### What to produce:
What you return must match the records word for word, except that images are dropped.

(Stored data)
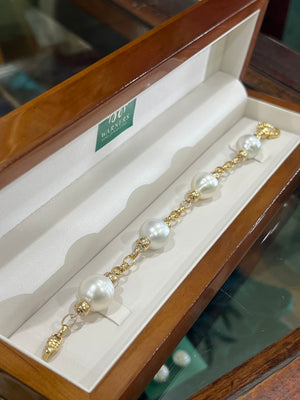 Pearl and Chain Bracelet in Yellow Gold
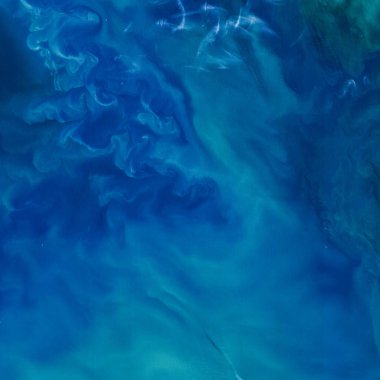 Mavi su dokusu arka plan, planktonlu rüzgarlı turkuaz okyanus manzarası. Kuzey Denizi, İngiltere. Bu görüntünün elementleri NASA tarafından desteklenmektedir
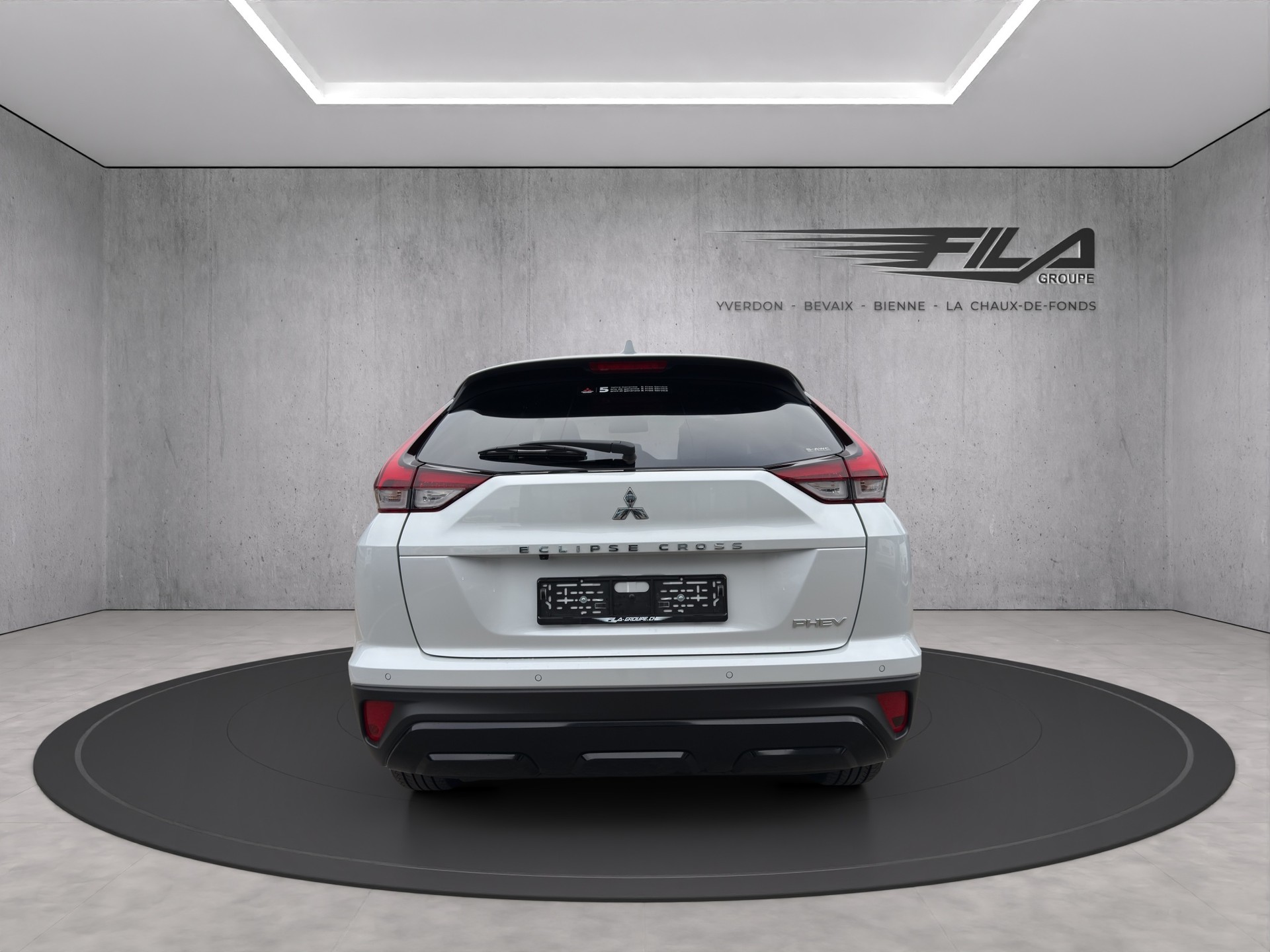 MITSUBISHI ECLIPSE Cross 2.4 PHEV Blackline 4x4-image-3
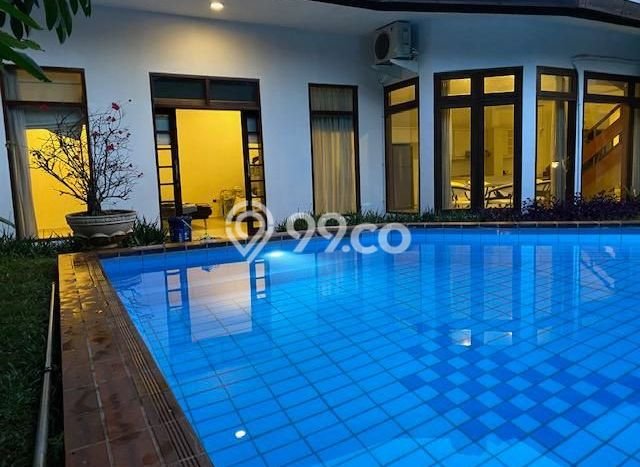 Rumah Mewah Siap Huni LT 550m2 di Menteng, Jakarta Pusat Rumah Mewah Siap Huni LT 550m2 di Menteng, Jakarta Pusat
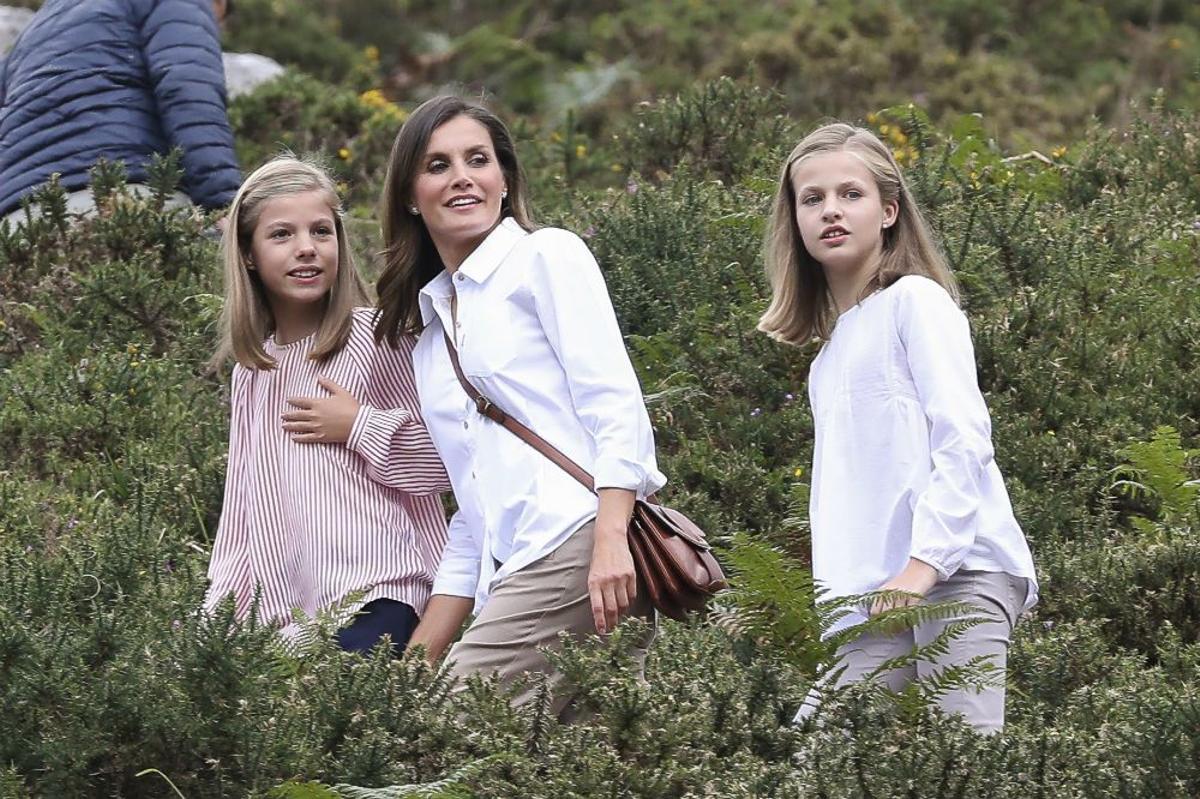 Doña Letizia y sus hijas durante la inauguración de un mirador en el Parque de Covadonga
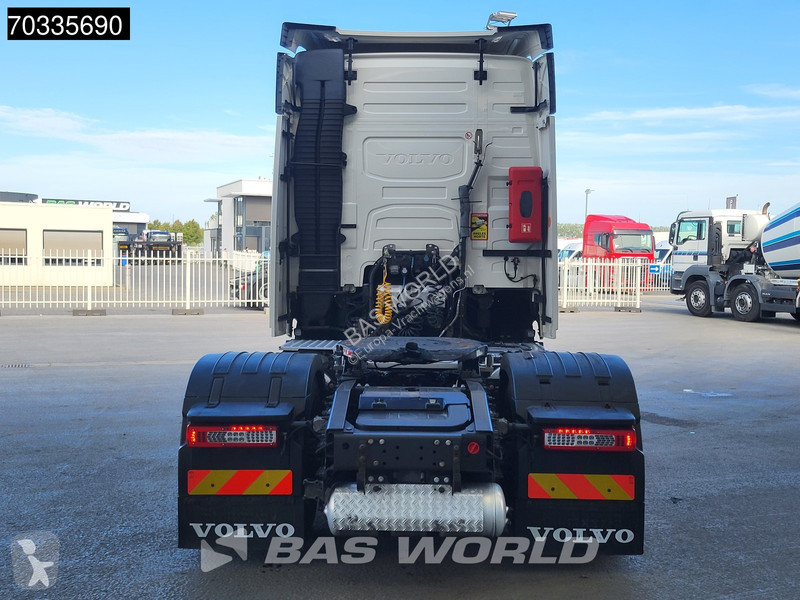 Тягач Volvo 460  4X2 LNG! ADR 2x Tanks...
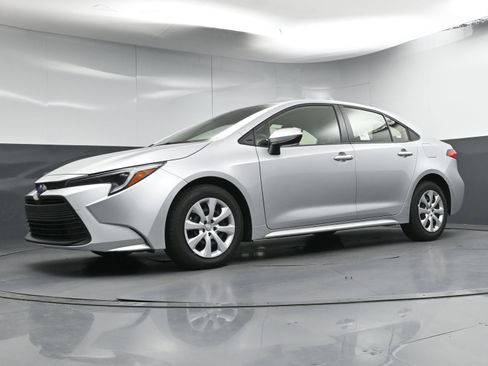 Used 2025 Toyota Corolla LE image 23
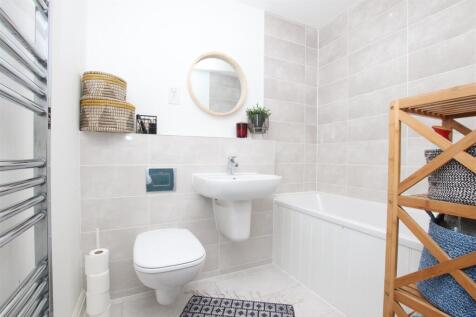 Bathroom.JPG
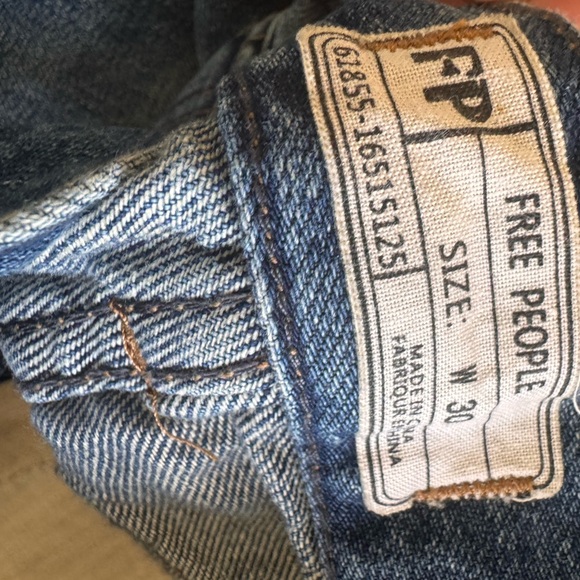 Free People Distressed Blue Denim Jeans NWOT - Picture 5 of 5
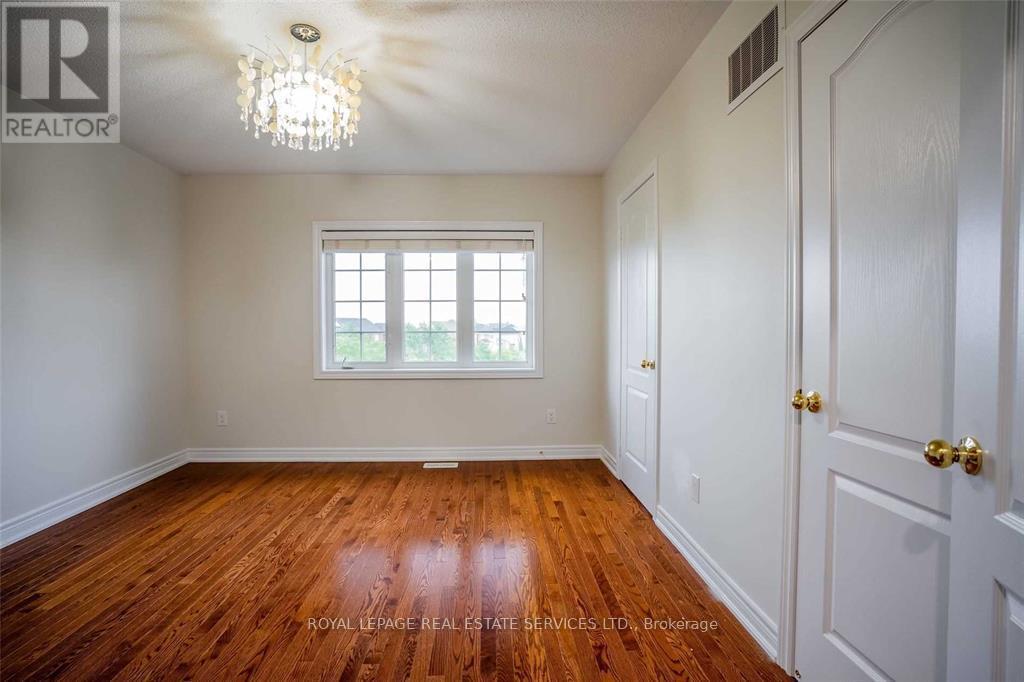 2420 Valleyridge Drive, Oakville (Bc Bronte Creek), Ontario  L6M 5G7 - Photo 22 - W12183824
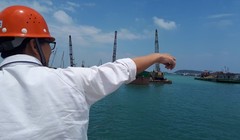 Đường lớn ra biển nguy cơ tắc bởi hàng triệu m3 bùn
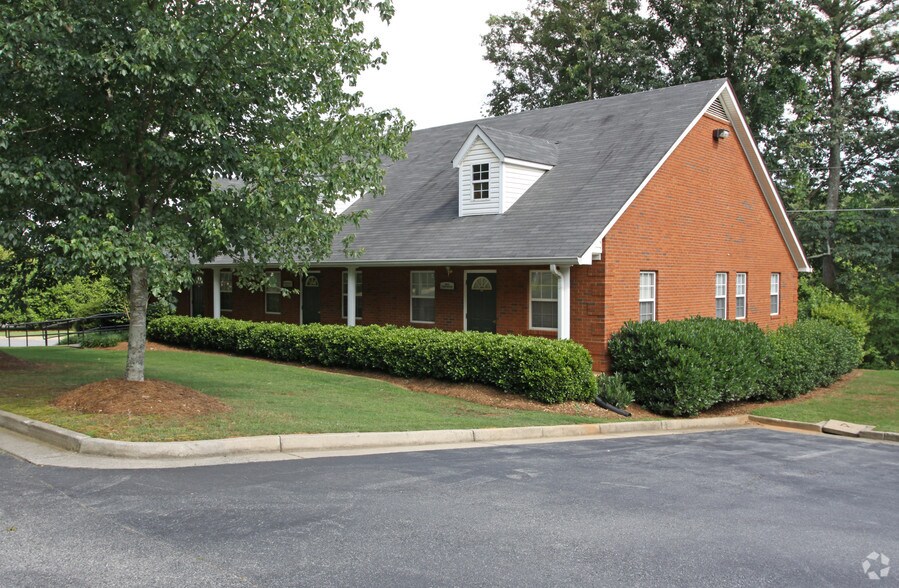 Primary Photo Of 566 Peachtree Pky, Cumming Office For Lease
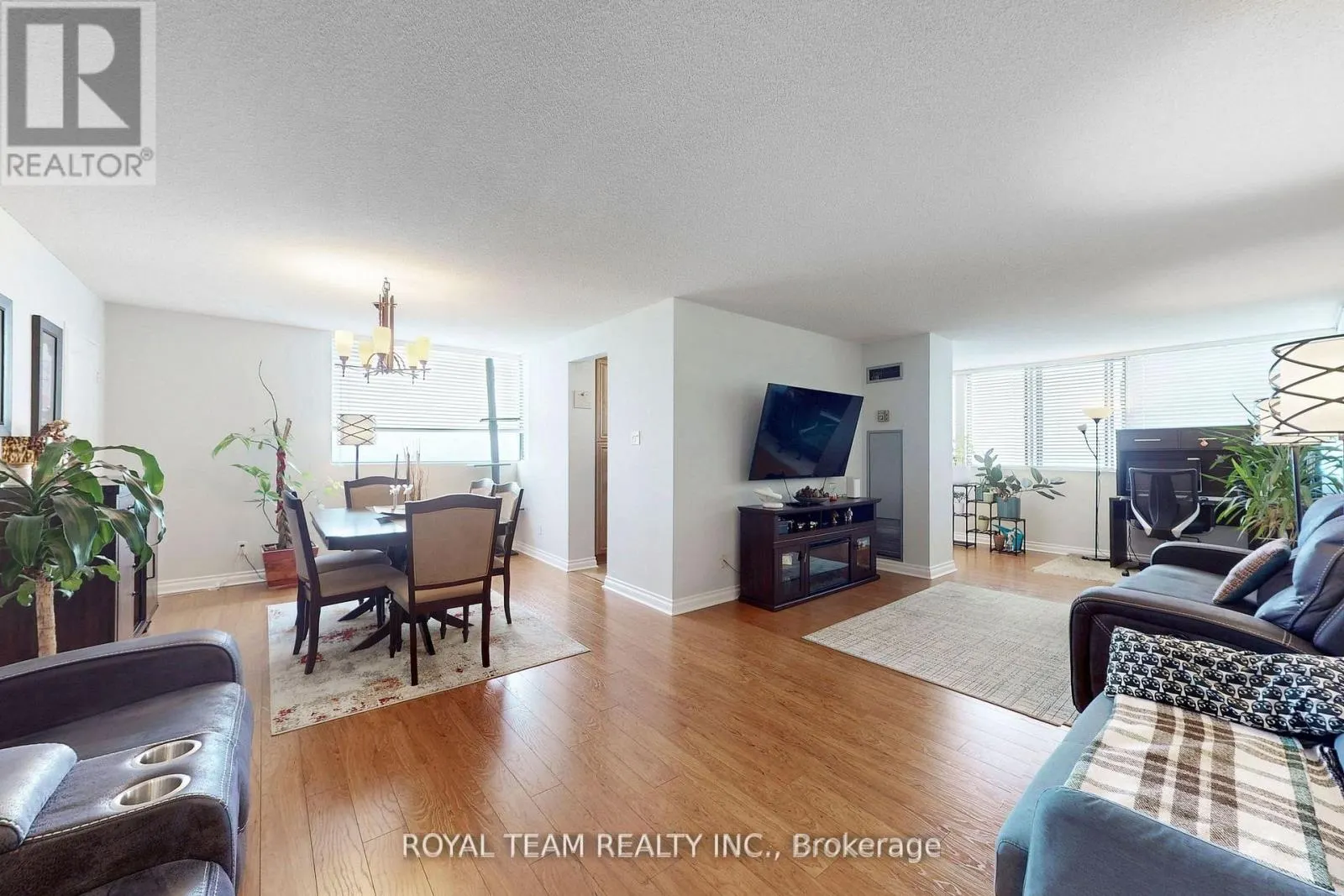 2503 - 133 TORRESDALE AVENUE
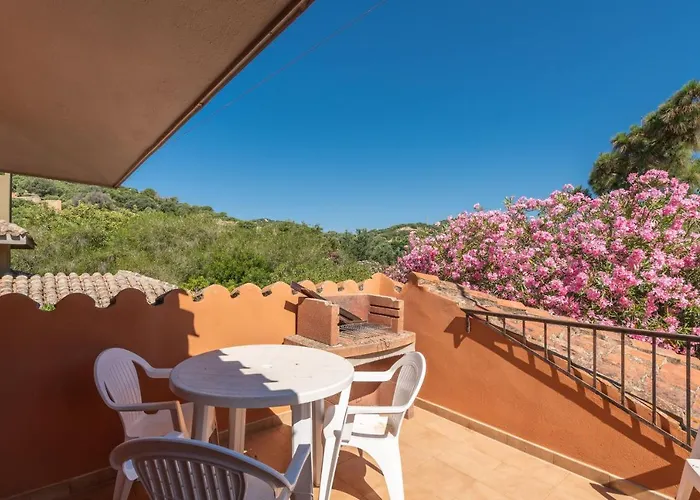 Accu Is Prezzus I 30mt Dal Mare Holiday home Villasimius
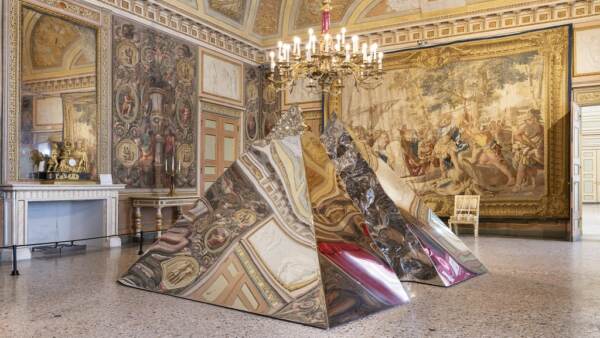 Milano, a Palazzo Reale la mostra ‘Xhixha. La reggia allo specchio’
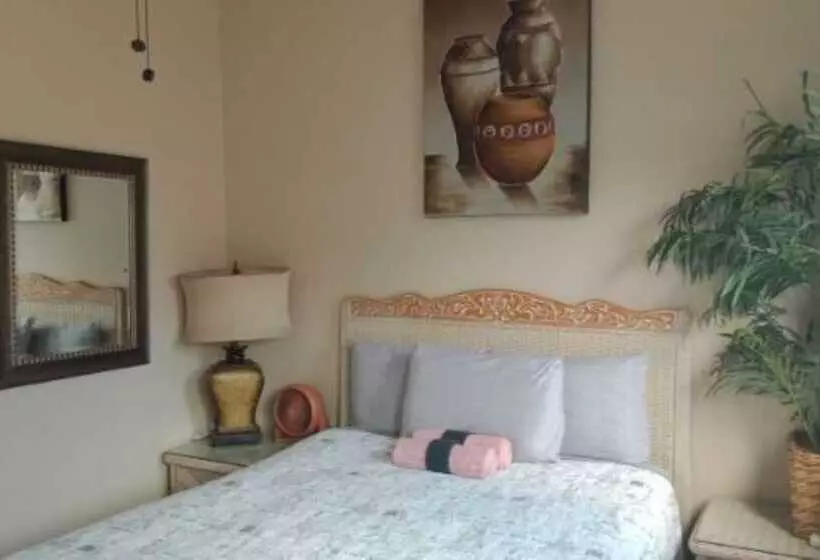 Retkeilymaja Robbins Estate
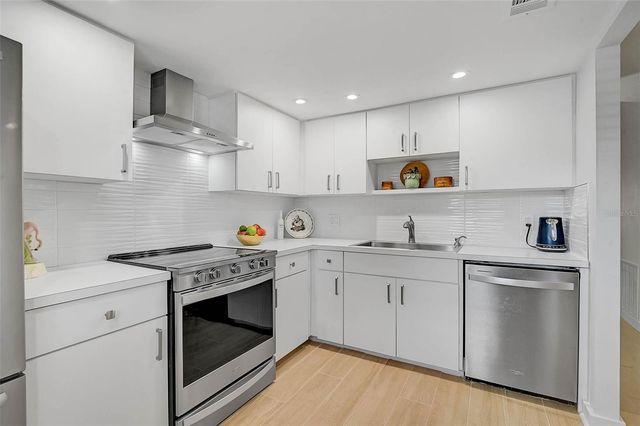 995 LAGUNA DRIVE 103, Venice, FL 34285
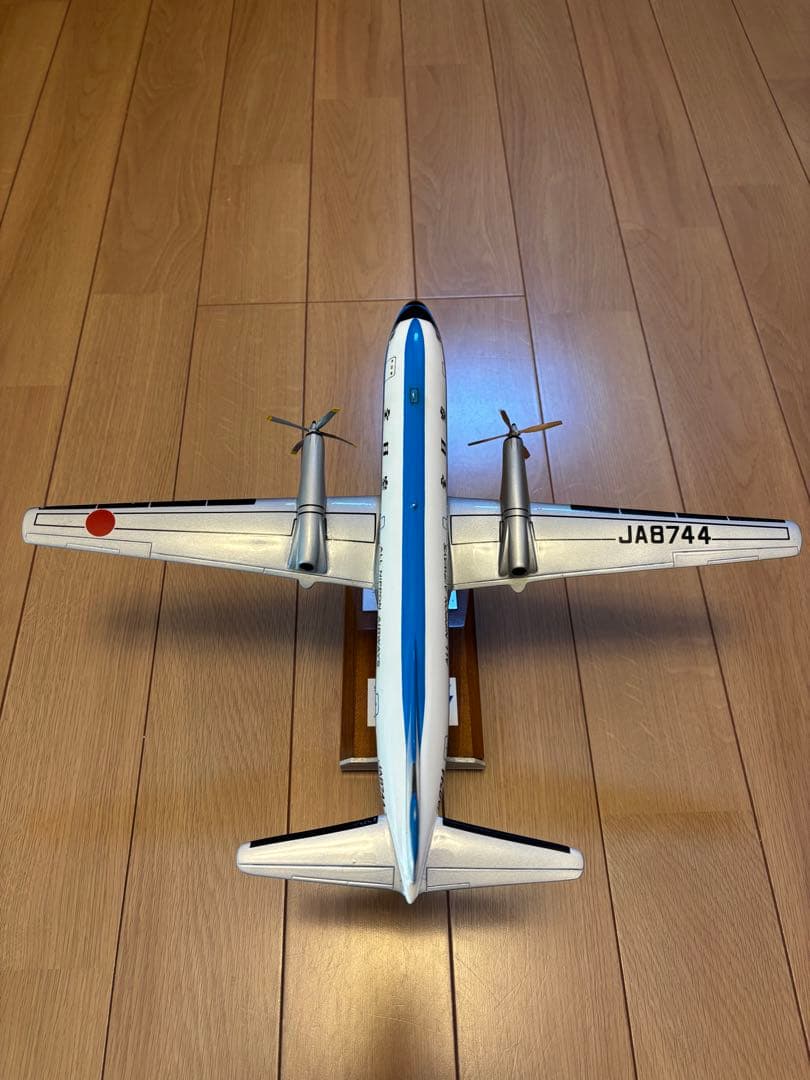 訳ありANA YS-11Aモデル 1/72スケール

### Exercise response:
 Pearl and Chain Bracelet in Yellow Gold
 Mavi su dokusu arka plan, planktonlu rüzgarlı turkuaz okyanus manzarası. Kuzey Denizi, İngiltere. Bu görüntünün elementleri NASA tarafından desteklenmektedir
 MITSUBISHI ECLIPSE Cross 2.4 PHEV Blackline 4x4-image-3
 Rumah Mewah Siap Huni LT 550m2 di Menteng, Jakarta Pusat Rumah Mewah Siap Huni LT 550m2 di Menteng, Jakarta Pusat
 Doña Letizia y sus hijas durante la inauguración de un mirador en el Parque de Covadonga
 Тягач Volvo 460  4X2 LNG! ADR 2x Tanks...
 Used 2025 Toyota Corolla LE image 23
 Bathroom.JPG
 Free People Distressed Blue Denim Jeans NWOT - Picture 5 of 5
 2420 Valleyridge Drive, Oakville (Bc Bronte Creek), Ontario  L6M 5G7 - Photo 22 - W12183824
 Đường lớn ra biển nguy cơ tắc bởi hàng triệu m3 bùn
 Primary Photo Of 566 Peachtree Pky, Cumming Office For Lease
 2503 - 133 TORRESDALE AVENUE
 Accu Is Prezzus I 30mt Dal Mare Holiday home Villasimius
 Milano, a Palazzo Reale la mostra ‘Xhixha. La reggia allo specchio’
 Retkeilymaja Robbins Estate
 995 LAGUNA DRIVE 103, Venice, FL 34285
 訳ありANA YS-11Aモデル 1/72スケール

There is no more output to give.